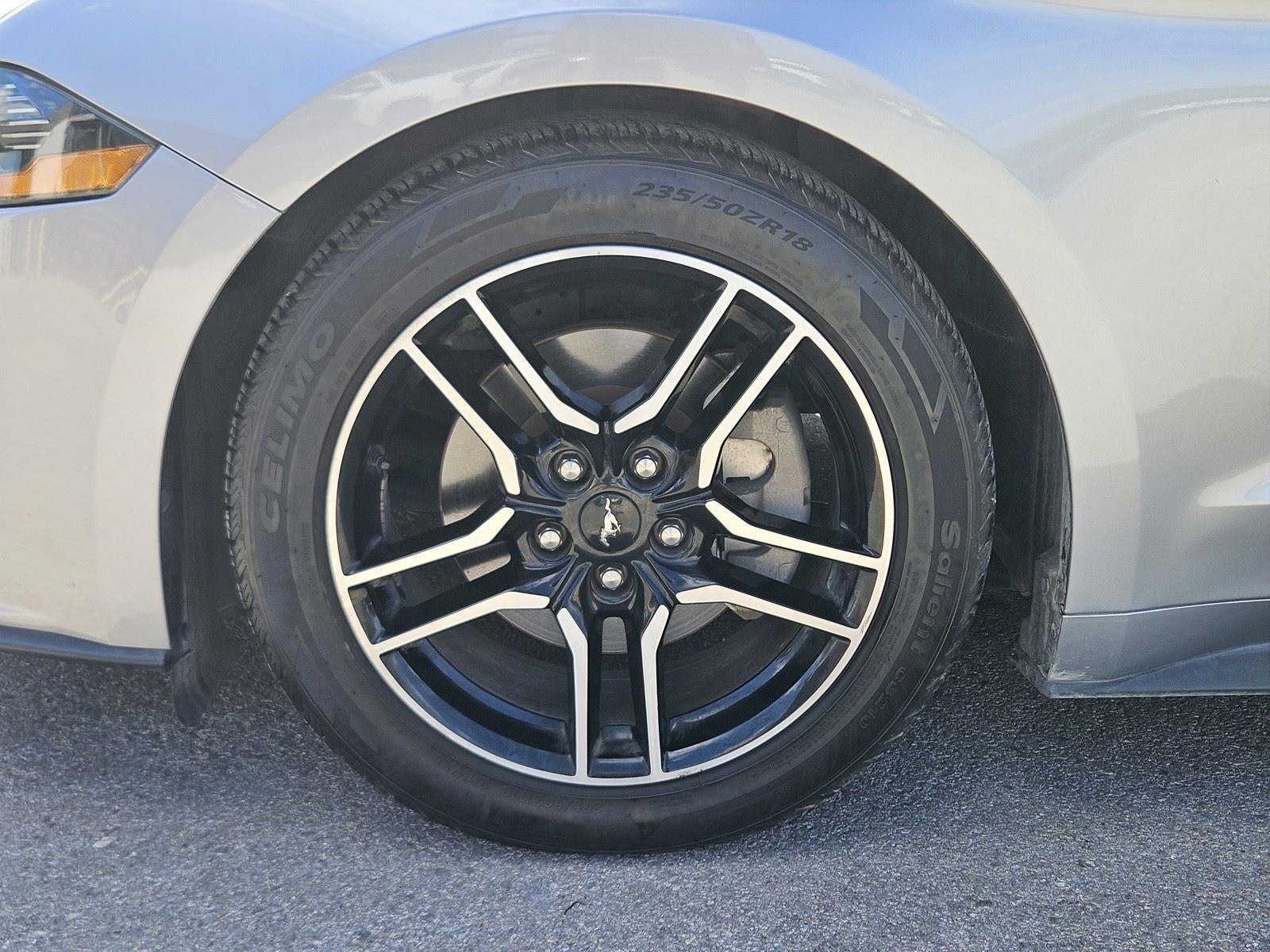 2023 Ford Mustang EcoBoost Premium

==

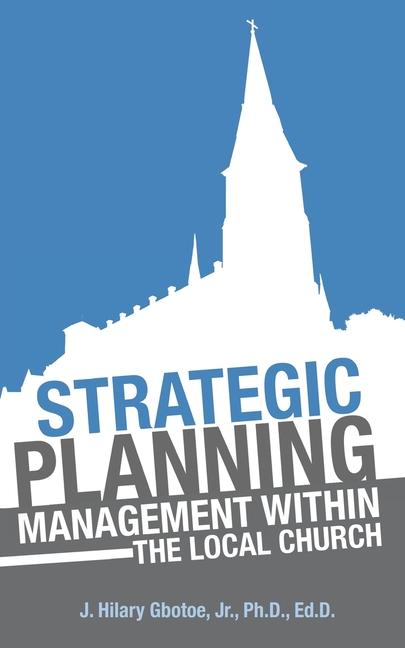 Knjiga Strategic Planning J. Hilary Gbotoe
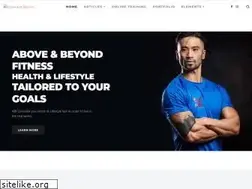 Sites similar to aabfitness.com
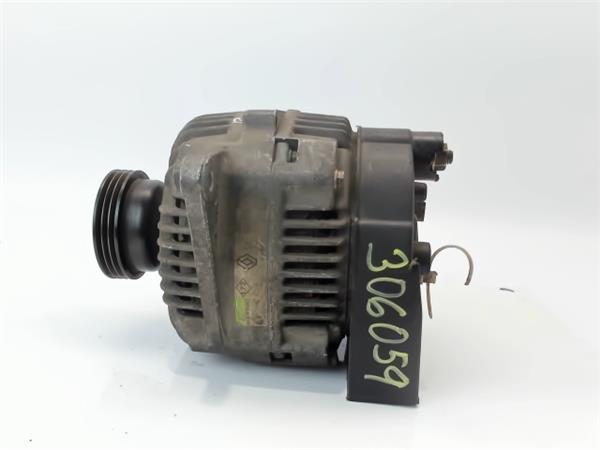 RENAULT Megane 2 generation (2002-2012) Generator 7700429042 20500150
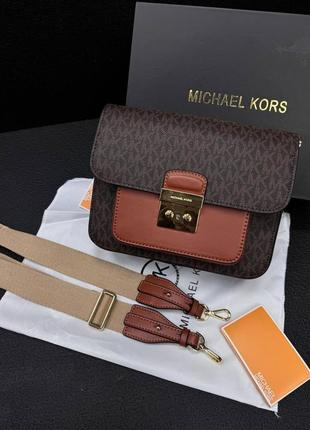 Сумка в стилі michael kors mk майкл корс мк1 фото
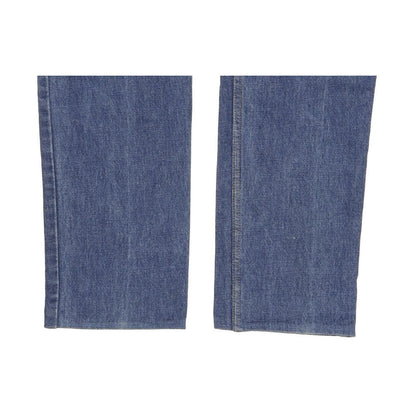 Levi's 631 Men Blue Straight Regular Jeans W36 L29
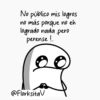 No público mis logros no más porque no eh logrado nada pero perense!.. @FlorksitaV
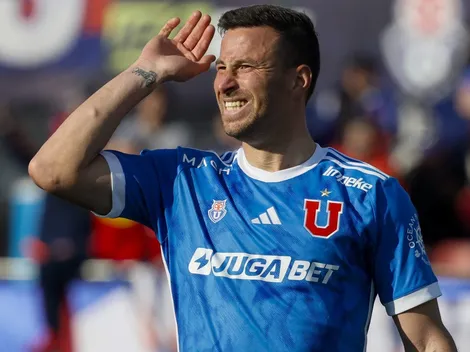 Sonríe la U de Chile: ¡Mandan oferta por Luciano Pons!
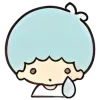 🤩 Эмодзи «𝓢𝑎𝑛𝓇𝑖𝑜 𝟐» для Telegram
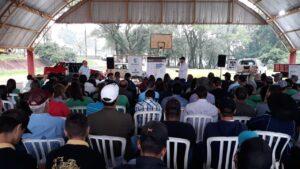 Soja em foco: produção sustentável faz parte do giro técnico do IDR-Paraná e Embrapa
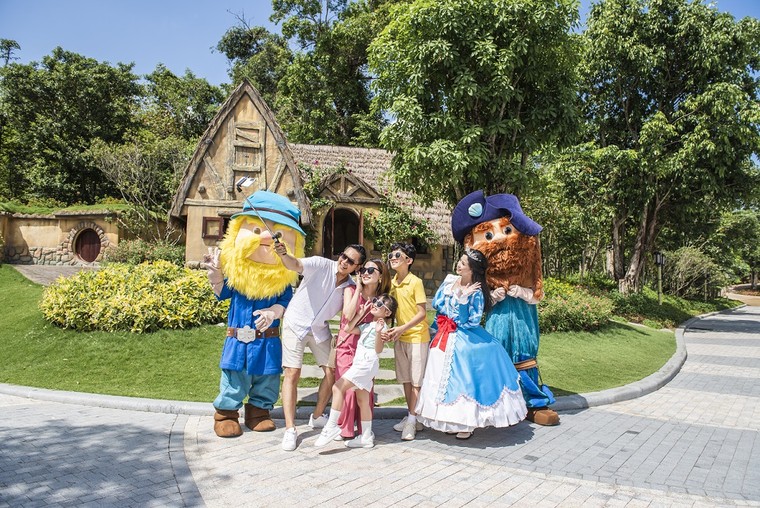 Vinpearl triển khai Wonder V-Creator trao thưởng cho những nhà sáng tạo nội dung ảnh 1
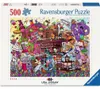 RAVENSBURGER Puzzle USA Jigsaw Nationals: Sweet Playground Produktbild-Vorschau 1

---

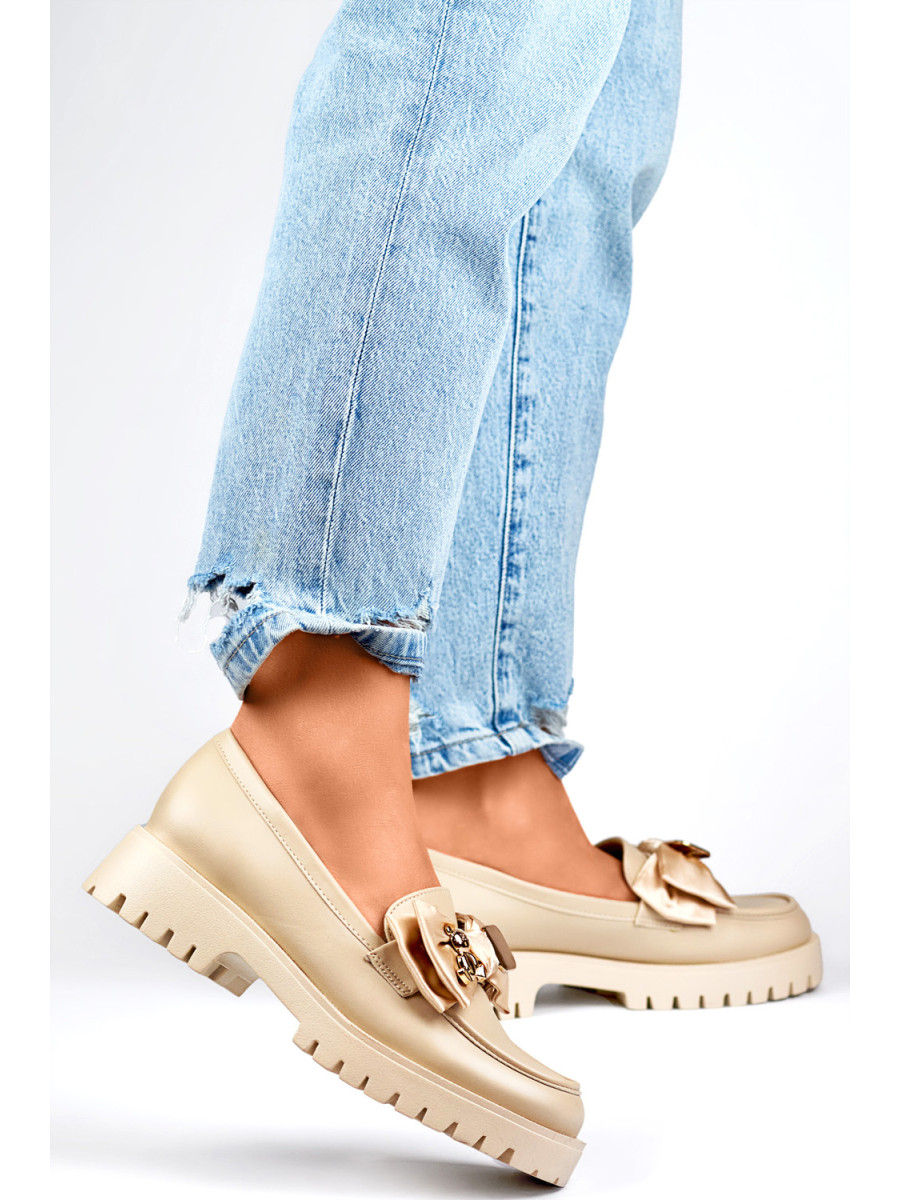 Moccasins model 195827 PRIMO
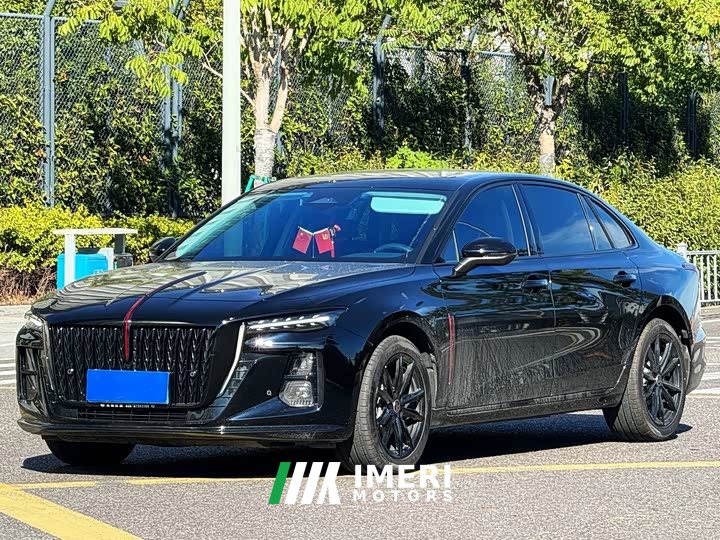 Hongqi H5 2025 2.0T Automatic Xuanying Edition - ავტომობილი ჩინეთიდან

* Exercise prompt *
The lines to reproduce run from the one above containing "Levi's 631 Men" through the one containing "RAVENSBURGER Puzzle USA". Copy them exactly and leave out all pictures.

* Answer to the exercise *
 Levi's 631 Men Blue Straight Regular Jeans W36 L29
 No público mis logros no más porque no eh logrado nada pero perense!.. @FlorksitaV
 Sonríe la U de Chile: ¡Mandan oferta por Luciano Pons!
 🤩 Эмодзи «𝓢𝑎𝑛𝓇𝑖𝑜 𝟐» для Telegram
 Soja em foco: produção sustentável faz parte do giro técnico do IDR-Paraná e Embrapa
 Vinpearl triển khai Wonder V-Creator trao thưởng cho những nhà sáng tạo nội dung ảnh 1
 RAVENSBURGER Puzzle USA Jigsaw Nationals: Sweet Playground Produktbild-Vorschau 1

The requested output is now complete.